• **Task requirements**
An identical copy of every entry below is the required output.

• **Stored data**
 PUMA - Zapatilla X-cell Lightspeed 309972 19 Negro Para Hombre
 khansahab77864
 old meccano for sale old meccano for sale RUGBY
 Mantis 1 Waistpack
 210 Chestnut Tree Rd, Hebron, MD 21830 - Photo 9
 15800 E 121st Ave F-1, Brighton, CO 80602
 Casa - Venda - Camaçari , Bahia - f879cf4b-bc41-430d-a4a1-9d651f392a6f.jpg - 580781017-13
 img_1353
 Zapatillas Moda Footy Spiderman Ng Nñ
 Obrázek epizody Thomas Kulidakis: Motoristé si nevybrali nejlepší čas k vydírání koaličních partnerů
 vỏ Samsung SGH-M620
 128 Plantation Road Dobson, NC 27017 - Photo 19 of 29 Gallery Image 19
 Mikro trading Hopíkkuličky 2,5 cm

• **Result of this task**
 PUMA - Zapatilla X-cell Lightspeed 309972 19 Negro Para Hombre
 khansahab77864
 old meccano for sale old meccano for sale RUGBY
 Mantis 1 Waistpack
 210 Chestnut Tree Rd, Hebron, MD 21830 - Photo 9
 15800 E 121st Ave F-1, Brighton, CO 80602
 Casa - Venda - Camaçari , Bahia - f879cf4b-bc41-430d-a4a1-9d651f392a6f.jpg - 580781017-13
 img_1353
 Zapatillas Moda Footy Spiderman Ng Nñ
 Obrázek epizody Thomas Kulidakis: Motoristé si nevybrali nejlepší čas k vydírání koaličních partnerů
 vỏ Samsung SGH-M620
 128 Plantation Road Dobson, NC 27017 - Photo 19 of 29 Gallery Image 19
 Mikro trading Hopíkkuličky 2,5 cm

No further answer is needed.